On Dec. 15, the Toronto Star reported that an account manager for CHCH sent an e-mail to a prospective client indicating the restructuring would put an end to union representation at CHCH, freeing the station to bring on new talent. Kastner says that kind of “smoking gun” could serve to hurt the company further.

Kastner says under the governing labour legislation if even a tiny part of the reason for a termination or a company restructuring is anti-union animus that part will taint the entire decision and weigh into adjudicated deliberations as to whether there have been anti-union unfair labour pactices.

The union is also asking whether the company’s intention was to bust the union, but it is focused on the issue of whether the new entity is in fact a “successor employer.”

“The company has said publicly, and to us, that they in no way condoned or endorsed what that individual said, that it was an individual opinion,” says Liz Marzari, Unifor’s national representative assigned to the union employees from CHCH.

Marzari says Unifor is taking the position that the newly formed company is a successor employer and that the collective agreement applies in the new workplace.

“We continue to represent those members and we’re giving serious consideration to all of our legal avenues,” says Marzari.

The union met with the company Dec. 16 and will be meeting with it again in two weeks.

Last week, Channel Zero issued a statement saying that when the station was acquired in 2009, funding for local TV programming was available along with national advertising revenue, but that had changed dramatically.

CHCH is a federally regulated business governed by the Canada Labour Code.
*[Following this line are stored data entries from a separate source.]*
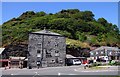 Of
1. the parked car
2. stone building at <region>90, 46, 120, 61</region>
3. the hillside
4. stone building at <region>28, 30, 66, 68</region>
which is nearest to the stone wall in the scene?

The union could also file an unfair labour practice complaint arguing the restructuring was motivated by the desire to rid itself of the union.

“We’re looking at a filing with the CIRB [Canada Industrial Relations Board] as well as any grievances that may apply,” says Marzari.

“I have never seen anything quite like this involving a broadcast business that has subcontracted out the news content portion of the business and only that portion of the business that has gone bankrupt. It certainly smells like a continuing employer,” says Tom McRae, of Shibley Righton LLP. “It’s going to be a colossal factor here.”

McRae says that issue of successor employee should be determined by the appropriate labour relations tribunal, given a Supreme Court of Canada decision in 2006 in GMAC Commercial Credit Corp. Canada v. TCT Logistics Inc. that indicated it is a tribunal that should determine whether an entity is a continuing employer not a bankruptcy judge.

The problem with looking at the new numbered company as a successor to Channel 11 LP is that a successorship involves a sale of assets from a business, says Dan Shields, of Shields O’Donnell MacKillop LLP.

“They might well say this new company didn’t take possession of any of those assets. It’s just a new company that hired people that is now providing services and whatever assets are required to be a news-gathering organization are still within the Channel 11 limited partnership because they are to be resolved on the bankruptcy,” says Shields.

Marzari says those employees who agreed to go work for the newly formed company did not sign new contracts, just a letter that stated they would return to work. She says the company acknowledged that in signing that the employees were not waiving their rights to any settlement or waiving any union rights.

“It would have been better for our members and the community if they had come to the union and had a frank discussion before they took this step of filing bankruptcy — that to a certain extent has tied everybody’s hands,” she says.

It may ultimately come down to an explanation for the actions and whether a court will believe the TV station did what it did for proper and reasonable purposes.

“If it walks like a duck, quacks like a duck, is yellow like a duck, it’s hard to say it’s a turkey,” says civil litigation specialist Jacqueline King of Shibley Righton LLP. “I think they’re going to have an uphill battle convincing a court if there’s not proper explanations for the actions, if there isn’t proper evidence.”

Update: This version of the story clarifies comments from Danny Kastner.